Realização | Dominik Moll
Argumento | Gilles Marchand, Dominik Moll
Fotografia | Patrick Ghiringhelli
Montagem | Laurent Rouan
Interpretação | Léa Drucker, Jonathan Turnbull, Mathilde Roehrich, Pascal Sangla, Claire Bodson, Julien Lilti, Florence Viala, Hélène Alexandridis, Stanislas Merhar, Antonia Buresi, Geneviève Mnich, Christian Sinniger, Sandra Colombo, Côme Péronnet, Alicia Mady
Produção | Caroline Benjo, Barbara Letellier, Carole Scotta
França | 2025 | Crime, Drama | 115 Minutos | Maiores de 12 Anos
UCI Arrábida 20 – Sala 18
13 Abr 2026 | seg | 16:10
Depois do impactante “A Noite do Dia 12”, Dominik Moll regressa a um território que tão bem domina: o da investigação como instrumento de dissecação moral e social. Inspirado na crise dos “coletes amarelos” de 2018, o filme acompanha Stéphanie Bertrand, agente da IGPN – mais conhecida como a “polícia das polícias” - incumbida de apurar responsabilidades num caso de violência policial que deixou um jovem manifestante gravemente ferido.

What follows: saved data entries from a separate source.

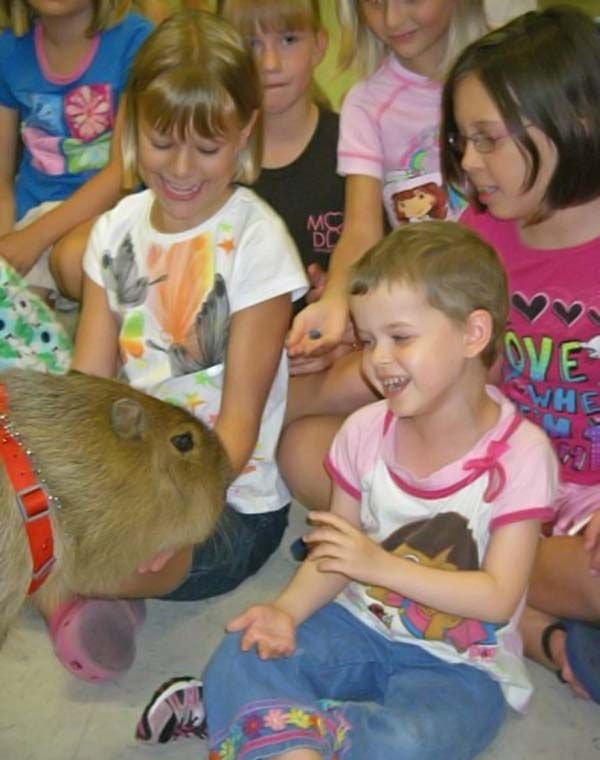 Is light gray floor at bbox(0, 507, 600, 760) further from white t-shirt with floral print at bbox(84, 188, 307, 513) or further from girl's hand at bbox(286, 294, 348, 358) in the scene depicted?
girl's hand at bbox(286, 294, 348, 358)

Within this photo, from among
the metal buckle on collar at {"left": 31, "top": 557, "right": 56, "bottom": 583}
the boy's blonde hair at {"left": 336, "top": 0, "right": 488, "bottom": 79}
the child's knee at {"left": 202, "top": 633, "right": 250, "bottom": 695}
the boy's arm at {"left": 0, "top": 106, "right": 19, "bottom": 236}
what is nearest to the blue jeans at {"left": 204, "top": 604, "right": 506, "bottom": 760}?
the child's knee at {"left": 202, "top": 633, "right": 250, "bottom": 695}

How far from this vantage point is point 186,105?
1.77 meters

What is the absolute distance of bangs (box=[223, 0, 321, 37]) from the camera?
2.15 metres

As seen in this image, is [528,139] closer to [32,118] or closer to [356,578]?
[356,578]

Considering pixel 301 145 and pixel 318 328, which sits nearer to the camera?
pixel 318 328

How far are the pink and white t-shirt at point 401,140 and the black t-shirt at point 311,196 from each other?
101 mm

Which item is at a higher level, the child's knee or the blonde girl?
the blonde girl

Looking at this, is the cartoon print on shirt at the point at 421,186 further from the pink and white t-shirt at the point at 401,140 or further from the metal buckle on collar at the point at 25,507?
the metal buckle on collar at the point at 25,507

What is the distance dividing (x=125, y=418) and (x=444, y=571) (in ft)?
1.60

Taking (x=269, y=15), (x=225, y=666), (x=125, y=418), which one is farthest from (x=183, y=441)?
(x=269, y=15)

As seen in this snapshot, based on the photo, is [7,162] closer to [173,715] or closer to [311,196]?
[311,196]

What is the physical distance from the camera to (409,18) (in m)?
2.09

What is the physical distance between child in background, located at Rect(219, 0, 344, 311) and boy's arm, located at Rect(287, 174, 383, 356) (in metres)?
0.08

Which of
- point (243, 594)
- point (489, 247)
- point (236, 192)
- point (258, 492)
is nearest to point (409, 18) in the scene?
point (236, 192) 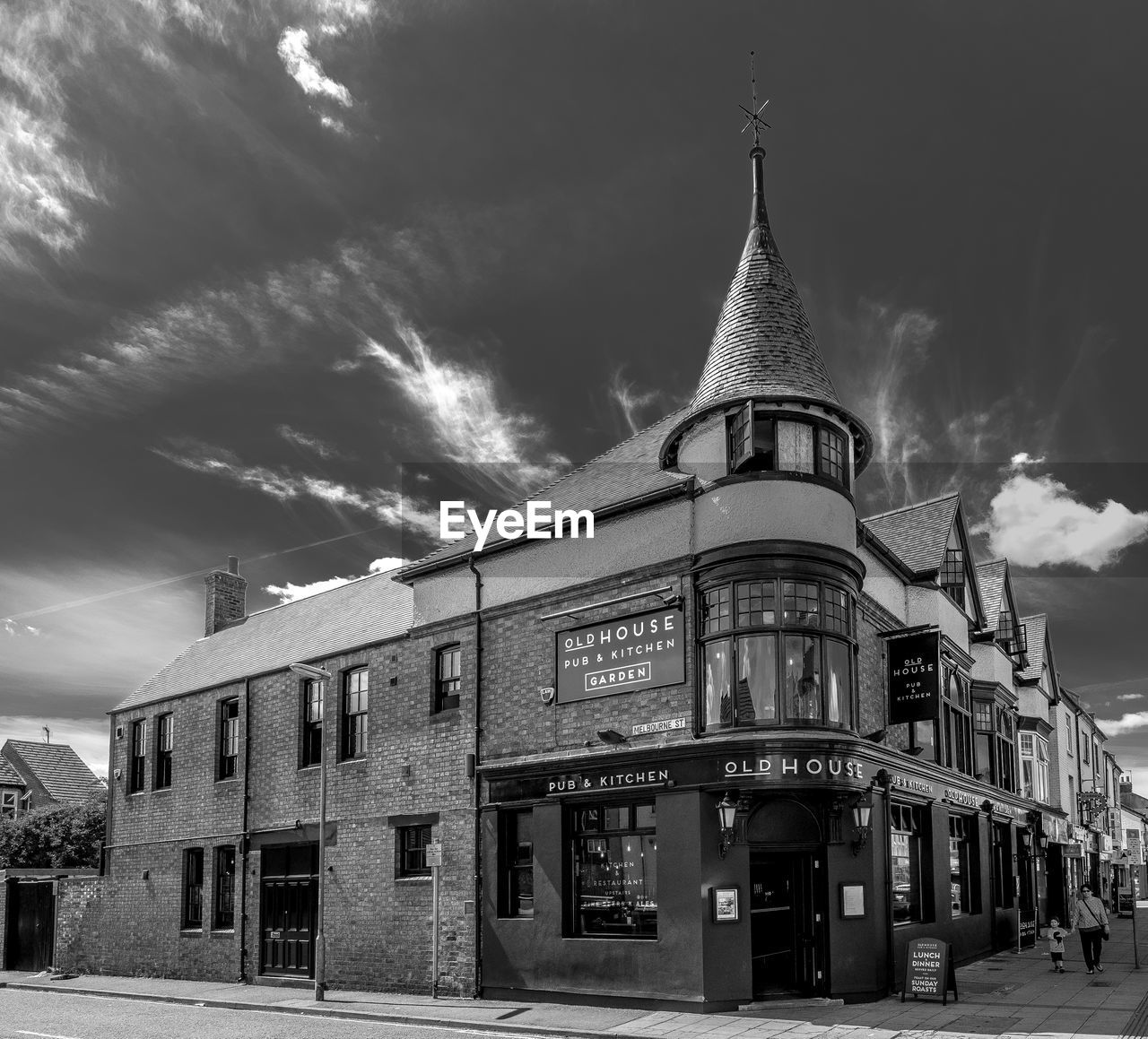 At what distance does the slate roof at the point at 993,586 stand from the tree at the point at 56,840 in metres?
38.1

Aquilo que à partida parece um procedimento rotineiro depressa se transforma num labirinto de versões contraditórias, silêncios cúmplices e resistências internas. Moll constrói o filme como um puzzle burocrático, fazendo de cada depoimento, de cada imagem de videovigilância, de cada relatório, uma peça que se acrescenta a uma verdade sempre incompleta. Escritórios anónimos, interrogatórios filmados em tempo quase real e um ritmo deliberadamente lento mostram o quanto a realização privilegia a sobriedade, a tensão a emergir não da acção, mas do confronto psicológico e da persistência.

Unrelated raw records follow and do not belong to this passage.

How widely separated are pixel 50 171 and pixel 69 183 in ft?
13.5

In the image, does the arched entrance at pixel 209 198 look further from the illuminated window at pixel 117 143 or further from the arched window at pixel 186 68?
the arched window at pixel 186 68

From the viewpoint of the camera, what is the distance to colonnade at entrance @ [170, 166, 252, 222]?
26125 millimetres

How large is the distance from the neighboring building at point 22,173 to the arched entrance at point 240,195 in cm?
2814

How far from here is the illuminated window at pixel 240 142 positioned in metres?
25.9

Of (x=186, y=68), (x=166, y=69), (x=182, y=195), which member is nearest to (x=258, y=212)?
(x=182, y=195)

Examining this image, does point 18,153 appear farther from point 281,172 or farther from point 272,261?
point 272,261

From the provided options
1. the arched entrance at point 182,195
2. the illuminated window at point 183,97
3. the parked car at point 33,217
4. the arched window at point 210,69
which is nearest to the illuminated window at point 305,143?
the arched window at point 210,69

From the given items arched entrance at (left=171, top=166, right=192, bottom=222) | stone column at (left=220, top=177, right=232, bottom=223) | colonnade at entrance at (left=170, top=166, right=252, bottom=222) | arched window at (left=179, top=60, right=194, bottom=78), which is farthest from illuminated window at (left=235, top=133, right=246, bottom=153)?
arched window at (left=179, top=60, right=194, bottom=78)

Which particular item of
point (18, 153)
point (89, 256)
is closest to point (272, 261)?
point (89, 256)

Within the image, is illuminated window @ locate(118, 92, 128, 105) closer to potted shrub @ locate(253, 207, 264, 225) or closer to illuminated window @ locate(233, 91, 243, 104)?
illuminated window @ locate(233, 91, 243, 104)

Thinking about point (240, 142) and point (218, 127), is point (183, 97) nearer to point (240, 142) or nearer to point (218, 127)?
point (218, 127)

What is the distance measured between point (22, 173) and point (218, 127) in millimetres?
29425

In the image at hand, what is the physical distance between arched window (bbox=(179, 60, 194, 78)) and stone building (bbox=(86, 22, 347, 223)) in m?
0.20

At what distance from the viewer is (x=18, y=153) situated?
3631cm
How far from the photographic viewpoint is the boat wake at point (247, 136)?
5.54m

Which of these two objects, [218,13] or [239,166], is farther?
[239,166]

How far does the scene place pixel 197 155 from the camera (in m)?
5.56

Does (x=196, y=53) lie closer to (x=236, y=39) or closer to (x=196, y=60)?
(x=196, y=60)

Assinado por Dominik Moll e Gilles Marchand, o argumento revela um rigor quase cirúrgico na forma como acompanha todas as etapas da investigação, recusando atalhos dramáticos ou simplificações morais. “Caso 137” evita tanto a absolvição fácil como a condenação sumária, preferindo expor as zonas cinzentas de um sistema corporativista, empenhado em proteger-se a si próprio. Neste contexto, a interpretação de Léa Drucker impõe-se pela contenção e pela densidade: a personagem Stéphanie é metódica, resiliente, mas também progressivamente fragilizada por um trabalho que a isola e a coloca sob suspeita, tanto entre colegas como perante a opinião pública. Subtilmente sugerida em momentos de solidão ou em gestos aparentemente marginais, a dimensão íntima reforça o retrato de uma mulher refém da ética profissional e da pressão de um meio hostil. Ao mesmo tempo, personagens secundárias, como a testemunha relutante oriunda das periferias, introduzem uma dimensão social mais ampla, onde a desconfiança nas instituições se cruza com as desigualdades estruturais.

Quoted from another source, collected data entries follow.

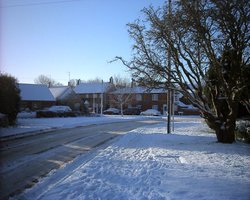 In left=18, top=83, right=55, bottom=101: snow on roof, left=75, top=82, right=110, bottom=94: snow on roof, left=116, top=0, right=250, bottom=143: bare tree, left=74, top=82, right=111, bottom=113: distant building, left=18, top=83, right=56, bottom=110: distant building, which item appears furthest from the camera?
left=75, top=82, right=110, bottom=94: snow on roof

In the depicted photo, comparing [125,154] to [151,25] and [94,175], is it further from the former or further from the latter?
[151,25]

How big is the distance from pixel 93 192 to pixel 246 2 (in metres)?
11.2

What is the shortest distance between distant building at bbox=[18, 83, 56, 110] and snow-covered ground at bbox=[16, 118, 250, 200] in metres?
52.5

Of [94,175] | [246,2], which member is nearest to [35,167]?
[94,175]

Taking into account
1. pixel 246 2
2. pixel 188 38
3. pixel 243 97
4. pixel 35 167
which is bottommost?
pixel 35 167

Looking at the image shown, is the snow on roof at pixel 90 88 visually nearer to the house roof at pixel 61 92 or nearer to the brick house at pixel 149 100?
the brick house at pixel 149 100

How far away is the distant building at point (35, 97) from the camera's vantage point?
207 ft

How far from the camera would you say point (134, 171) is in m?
10.1

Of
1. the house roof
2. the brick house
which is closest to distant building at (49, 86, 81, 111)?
the house roof

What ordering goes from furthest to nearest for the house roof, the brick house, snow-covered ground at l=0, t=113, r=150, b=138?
1. the brick house
2. the house roof
3. snow-covered ground at l=0, t=113, r=150, b=138

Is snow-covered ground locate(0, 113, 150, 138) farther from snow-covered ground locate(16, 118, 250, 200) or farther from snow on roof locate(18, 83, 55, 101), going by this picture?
snow on roof locate(18, 83, 55, 101)

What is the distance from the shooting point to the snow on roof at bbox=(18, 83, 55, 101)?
63344 millimetres

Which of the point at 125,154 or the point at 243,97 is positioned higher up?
the point at 243,97

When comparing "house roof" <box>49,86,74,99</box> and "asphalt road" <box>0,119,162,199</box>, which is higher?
"house roof" <box>49,86,74,99</box> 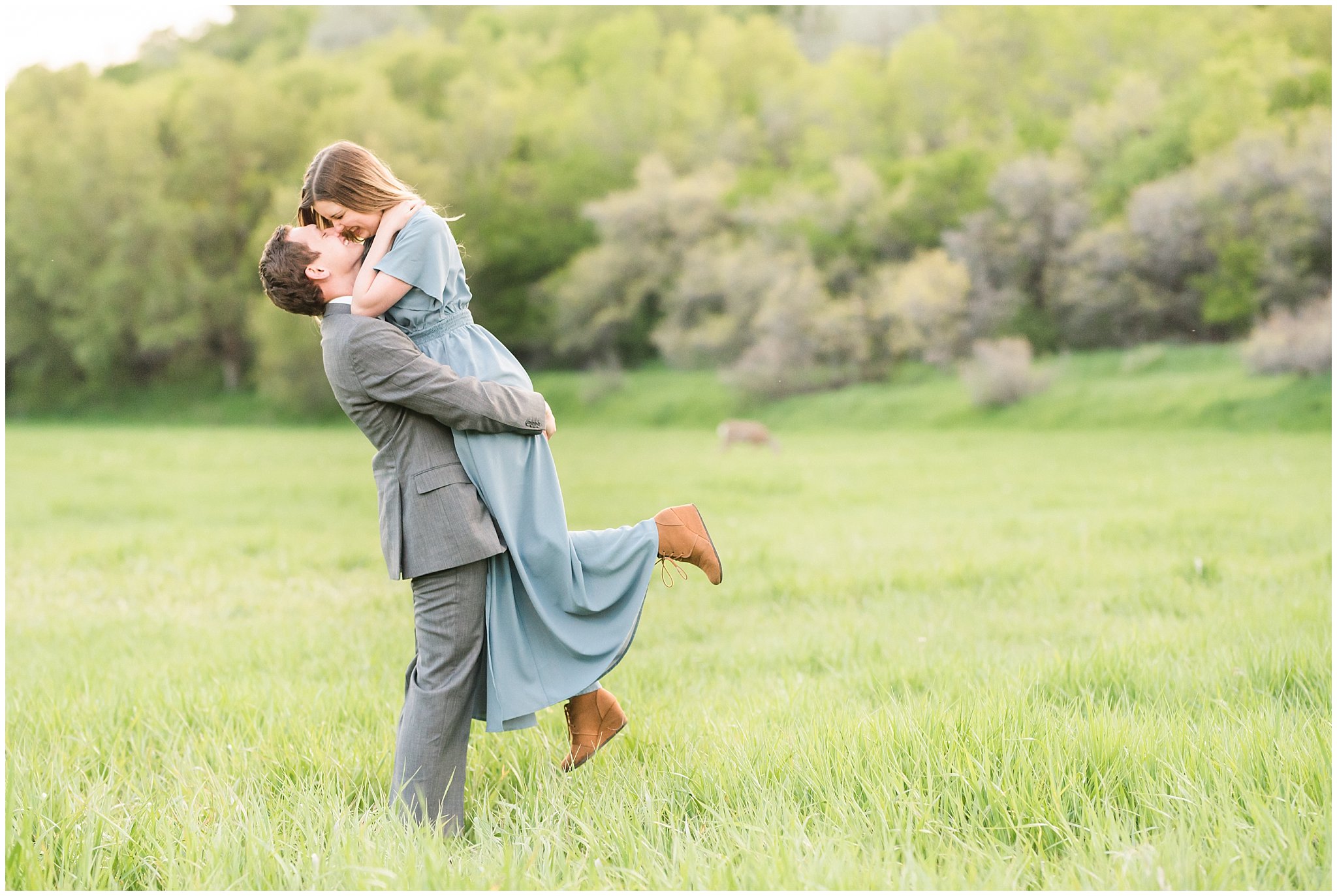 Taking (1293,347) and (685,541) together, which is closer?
(685,541)

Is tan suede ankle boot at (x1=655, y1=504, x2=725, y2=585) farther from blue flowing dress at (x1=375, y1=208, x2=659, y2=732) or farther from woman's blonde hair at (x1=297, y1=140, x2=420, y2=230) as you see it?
woman's blonde hair at (x1=297, y1=140, x2=420, y2=230)

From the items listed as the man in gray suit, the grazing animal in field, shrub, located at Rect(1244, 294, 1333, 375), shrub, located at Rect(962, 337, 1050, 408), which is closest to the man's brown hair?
the man in gray suit

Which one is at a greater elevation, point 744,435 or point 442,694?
point 442,694

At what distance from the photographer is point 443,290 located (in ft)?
10.1

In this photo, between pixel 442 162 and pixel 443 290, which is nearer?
pixel 443 290

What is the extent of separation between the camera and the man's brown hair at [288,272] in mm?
3006

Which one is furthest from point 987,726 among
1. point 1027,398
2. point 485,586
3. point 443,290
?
point 1027,398

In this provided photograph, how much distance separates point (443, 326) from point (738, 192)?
36.7 meters

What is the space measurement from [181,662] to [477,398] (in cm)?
305

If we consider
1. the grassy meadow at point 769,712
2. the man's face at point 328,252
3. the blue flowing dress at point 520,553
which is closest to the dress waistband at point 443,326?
the blue flowing dress at point 520,553

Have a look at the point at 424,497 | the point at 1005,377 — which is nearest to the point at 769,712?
the point at 424,497

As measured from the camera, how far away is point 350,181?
9.79ft

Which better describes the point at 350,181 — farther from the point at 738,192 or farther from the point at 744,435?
the point at 738,192

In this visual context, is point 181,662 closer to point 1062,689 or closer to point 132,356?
point 1062,689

Mais do que um simples policial, “Caso 137” afirma-se como um espelho incómodo de uma sociedade fracturada, no seio da qual a verdade se dilui entre narrativas concorrentes e interesses institucionais. A inclusão de imagens de arquivo e registos captados por telemóveis reforça a sensação de realidade e sublinha a violência latente de um contexto marcado pela tensão entre o Estado e os cidadãos. Dominik Moll não procura respostas definitivas; pelo contrário, insiste na ambiguidade e na frustração de um processo que raramente conduz a uma justiça plena. A pergunta que ecoa no final - sobre a utilidade de um trabalho feito com rigor mas sem consequências palpáveis - sintetiza o desencanto que atravessa todo o filme. Ainda assim, é precisamente nessa recusa de simplificação que reside a sua força: um cinema que incomoda, que interpela e que lembra que a verdade, antes de ser proclamada, exige um esforço solitário e muitas vezes inglório.